(Data for the task begins)

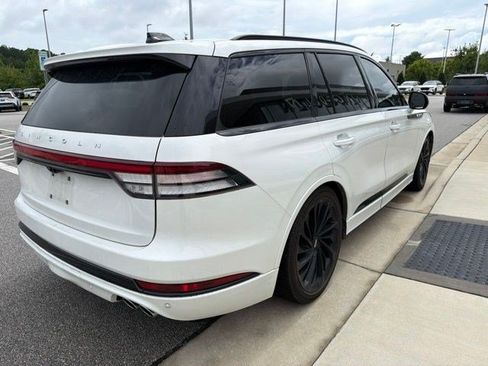 Used 2025 Lincoln Aviator Reserve w/ Equipment Group 201A AWD/4WD image 5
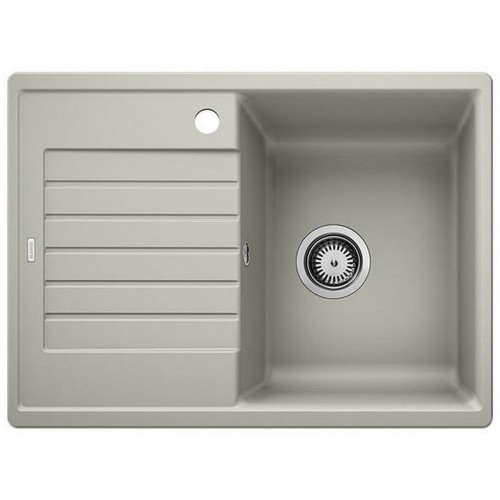 BLANCO ZIA 45 S Compact bez excentru SILGRANIT perlovo sivá 524724 BLANCO ZIA 45 S Compact bez excentru SILGRANIT perlovo sivá 524724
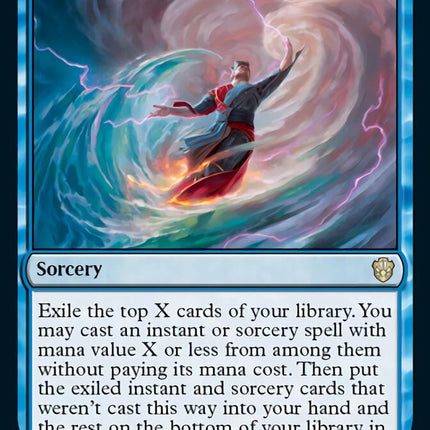 Muse Vortex [Commander 2021]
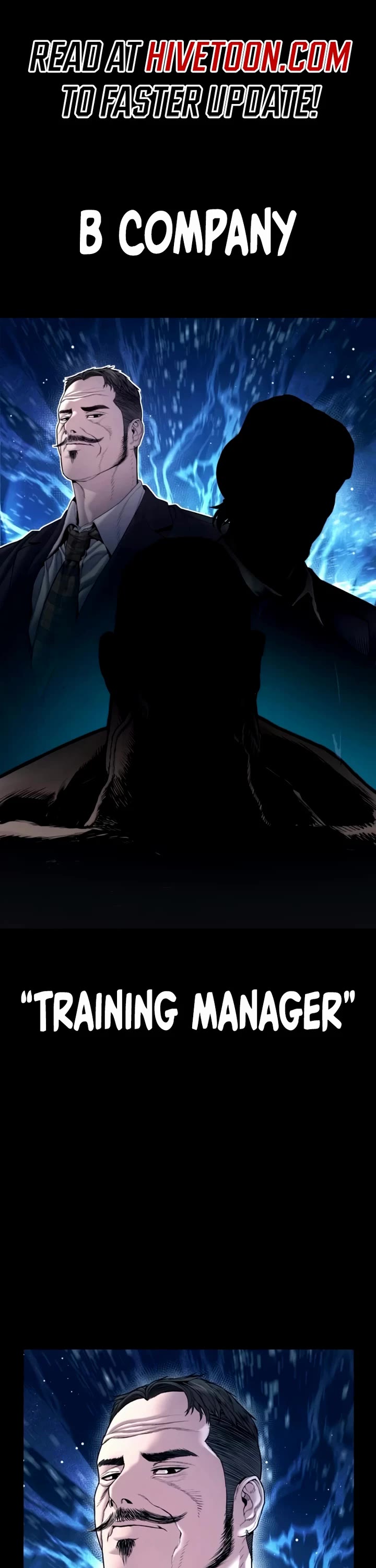 Manager Kim chapter 198 page 1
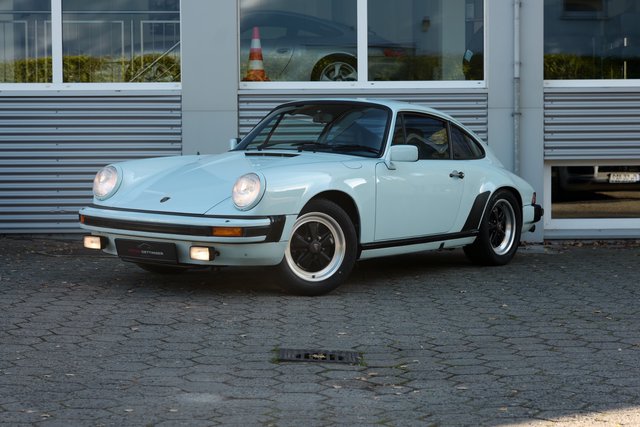 Porsche 911 SC Coupé 3,0 Ltr. Oldtimer Kaufen | EZ 07/1983 | Preis 59.000 €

(Data for the task ends)

What you have to do »
Retype each entry precisely. Skip images entirely.

Written solution »
 Used 2025 Lincoln Aviator Reserve w/ Equipment Group 201A AWD/4WD image 5
 BLANCO ZIA 45 S Compact bez excentru SILGRANIT perlovo sivá 524724 BLANCO ZIA 45 S Compact bez excentru SILGRANIT perlovo sivá 524724
 Muse Vortex [Commander 2021]
 Manager Kim chapter 198 page 1
 Porsche 911 SC Coupé 3,0 Ltr. Oldtimer Kaufen | EZ 07/1983 | Preis 59.000 €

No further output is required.